Norouz à Bordeaux : entre tradition persane et contestation politique
Vendredi 20 mars, une trentaine de personnes se sont rassemblées place de la Comédie à Bordeaux pour célébrer Norouz, l'entrée dans la nouvelle année du calendrier solaire persan. À 15h46 précisément, le monde est entré dans l'année 2585 selon cette tradition millénaire. Cette fête, symbolisant le renouveau printanier et l'équinoxe, est habituellement fêtée au sein des foyers de la communauté iranienne bordelaise, estimée entre 300 et 600 personnes. Cependant, en 2026, la célébration a quitté la sphère privée pour investir le cœur de la ville, devant le Grand-Théâtre, révélant ainsi une dimension politique inédite.

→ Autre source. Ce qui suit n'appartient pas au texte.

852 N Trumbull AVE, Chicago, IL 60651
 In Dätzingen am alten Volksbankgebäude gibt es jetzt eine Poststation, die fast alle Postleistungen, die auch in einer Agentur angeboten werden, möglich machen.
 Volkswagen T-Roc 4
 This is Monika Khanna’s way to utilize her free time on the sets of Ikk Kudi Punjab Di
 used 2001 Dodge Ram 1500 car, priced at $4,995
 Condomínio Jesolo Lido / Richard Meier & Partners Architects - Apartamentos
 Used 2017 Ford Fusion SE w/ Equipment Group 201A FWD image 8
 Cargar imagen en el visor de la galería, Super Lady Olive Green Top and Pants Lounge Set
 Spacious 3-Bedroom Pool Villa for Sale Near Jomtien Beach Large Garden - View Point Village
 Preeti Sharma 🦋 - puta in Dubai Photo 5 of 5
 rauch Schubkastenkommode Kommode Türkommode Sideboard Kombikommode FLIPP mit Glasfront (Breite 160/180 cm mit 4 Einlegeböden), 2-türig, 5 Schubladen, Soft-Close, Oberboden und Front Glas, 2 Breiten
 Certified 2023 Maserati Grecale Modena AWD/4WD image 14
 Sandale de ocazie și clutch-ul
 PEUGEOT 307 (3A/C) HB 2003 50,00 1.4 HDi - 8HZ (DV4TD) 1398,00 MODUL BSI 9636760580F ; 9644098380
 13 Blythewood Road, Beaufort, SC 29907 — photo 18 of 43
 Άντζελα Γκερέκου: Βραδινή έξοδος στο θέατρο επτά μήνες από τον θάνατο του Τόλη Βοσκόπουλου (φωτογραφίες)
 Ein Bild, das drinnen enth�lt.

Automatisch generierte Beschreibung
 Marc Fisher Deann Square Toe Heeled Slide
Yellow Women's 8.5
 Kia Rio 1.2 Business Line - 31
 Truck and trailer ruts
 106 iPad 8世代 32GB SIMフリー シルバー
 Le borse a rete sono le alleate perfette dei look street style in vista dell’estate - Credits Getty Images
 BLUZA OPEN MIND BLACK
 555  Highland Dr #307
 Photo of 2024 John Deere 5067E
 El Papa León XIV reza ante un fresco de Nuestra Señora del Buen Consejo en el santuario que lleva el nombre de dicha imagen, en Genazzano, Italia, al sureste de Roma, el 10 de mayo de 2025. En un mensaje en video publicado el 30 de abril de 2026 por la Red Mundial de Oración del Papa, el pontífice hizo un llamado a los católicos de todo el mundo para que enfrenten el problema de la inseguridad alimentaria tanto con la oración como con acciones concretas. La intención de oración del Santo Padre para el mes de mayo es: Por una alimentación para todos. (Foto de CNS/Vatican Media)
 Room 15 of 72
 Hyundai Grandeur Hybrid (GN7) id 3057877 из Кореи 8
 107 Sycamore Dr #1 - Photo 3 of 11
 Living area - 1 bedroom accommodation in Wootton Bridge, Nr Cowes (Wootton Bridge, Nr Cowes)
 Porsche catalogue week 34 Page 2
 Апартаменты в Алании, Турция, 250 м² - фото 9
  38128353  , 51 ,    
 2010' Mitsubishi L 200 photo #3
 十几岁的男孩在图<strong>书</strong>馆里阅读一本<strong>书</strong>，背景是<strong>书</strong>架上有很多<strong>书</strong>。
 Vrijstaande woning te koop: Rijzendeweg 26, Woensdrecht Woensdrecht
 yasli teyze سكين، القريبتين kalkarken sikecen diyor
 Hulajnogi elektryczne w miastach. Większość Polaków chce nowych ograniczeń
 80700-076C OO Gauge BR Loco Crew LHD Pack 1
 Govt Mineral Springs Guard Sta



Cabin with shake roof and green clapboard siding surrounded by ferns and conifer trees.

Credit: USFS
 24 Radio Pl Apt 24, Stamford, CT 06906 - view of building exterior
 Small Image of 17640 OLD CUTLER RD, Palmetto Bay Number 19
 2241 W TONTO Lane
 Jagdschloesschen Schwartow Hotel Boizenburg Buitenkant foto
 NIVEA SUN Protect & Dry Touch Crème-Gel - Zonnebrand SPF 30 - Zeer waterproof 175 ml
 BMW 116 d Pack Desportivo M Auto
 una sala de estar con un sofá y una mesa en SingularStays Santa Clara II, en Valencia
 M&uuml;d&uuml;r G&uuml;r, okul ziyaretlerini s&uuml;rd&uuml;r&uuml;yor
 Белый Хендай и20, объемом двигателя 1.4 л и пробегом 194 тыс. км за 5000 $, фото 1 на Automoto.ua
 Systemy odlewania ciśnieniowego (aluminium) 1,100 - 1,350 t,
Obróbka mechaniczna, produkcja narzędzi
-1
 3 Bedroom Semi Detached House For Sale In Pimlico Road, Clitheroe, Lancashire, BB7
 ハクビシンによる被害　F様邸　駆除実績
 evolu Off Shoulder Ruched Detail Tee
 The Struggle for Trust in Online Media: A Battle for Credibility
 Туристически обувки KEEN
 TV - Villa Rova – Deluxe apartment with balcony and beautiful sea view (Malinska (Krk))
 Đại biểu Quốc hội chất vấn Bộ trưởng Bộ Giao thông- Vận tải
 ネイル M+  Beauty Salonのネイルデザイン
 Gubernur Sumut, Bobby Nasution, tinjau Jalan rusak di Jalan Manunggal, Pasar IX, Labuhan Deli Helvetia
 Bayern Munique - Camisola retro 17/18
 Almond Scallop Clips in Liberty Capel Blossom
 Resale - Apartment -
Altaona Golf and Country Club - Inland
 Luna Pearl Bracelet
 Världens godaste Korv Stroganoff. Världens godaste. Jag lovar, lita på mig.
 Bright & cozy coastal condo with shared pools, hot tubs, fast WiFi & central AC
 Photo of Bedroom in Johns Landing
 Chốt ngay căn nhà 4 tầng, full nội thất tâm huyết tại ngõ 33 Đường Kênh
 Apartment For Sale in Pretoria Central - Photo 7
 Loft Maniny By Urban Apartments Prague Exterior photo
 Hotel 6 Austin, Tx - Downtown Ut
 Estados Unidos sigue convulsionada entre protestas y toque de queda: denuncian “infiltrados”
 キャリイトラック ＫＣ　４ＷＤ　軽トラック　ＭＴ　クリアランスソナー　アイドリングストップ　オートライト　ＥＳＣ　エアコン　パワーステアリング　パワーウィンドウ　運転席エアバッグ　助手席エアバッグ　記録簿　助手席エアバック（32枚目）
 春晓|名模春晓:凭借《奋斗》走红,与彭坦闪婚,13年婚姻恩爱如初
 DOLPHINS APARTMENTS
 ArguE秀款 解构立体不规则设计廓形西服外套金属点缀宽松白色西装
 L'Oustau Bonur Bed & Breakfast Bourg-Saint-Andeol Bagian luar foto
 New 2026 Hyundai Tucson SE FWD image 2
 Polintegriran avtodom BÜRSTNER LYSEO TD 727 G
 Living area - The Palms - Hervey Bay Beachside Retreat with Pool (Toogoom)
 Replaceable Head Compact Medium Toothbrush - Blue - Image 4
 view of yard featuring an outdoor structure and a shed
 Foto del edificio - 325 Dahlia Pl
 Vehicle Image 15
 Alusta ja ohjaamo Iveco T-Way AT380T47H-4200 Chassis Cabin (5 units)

Une fête ancestrale devenue symbole de résistance
Norouz, fête liée au zoroastrisme – la première religion monothéiste bien antérieure à l'islam – incarne un Iran différent de celui gouverné par les mollahs. Pierrot Amani, un Franco-Iranien ayant francisé son prénom, souligne avec conviction : « C'est une fête qu'aucun régime n'a pu effacer ». Sur les escaliers du Grand-Théâtre, une nappe traditionnelle était déployée, mêlant symboles du Norouz – pommes pour la beauté et la santé, vinaigre pour la patience et la sagesse, blé germé pour la renaissance – et visages de sept opposants tués par le régime islamique. Cette juxtaposition illustre parfaitement la dualité de l'événement : célébration culturelle et acte de protestation.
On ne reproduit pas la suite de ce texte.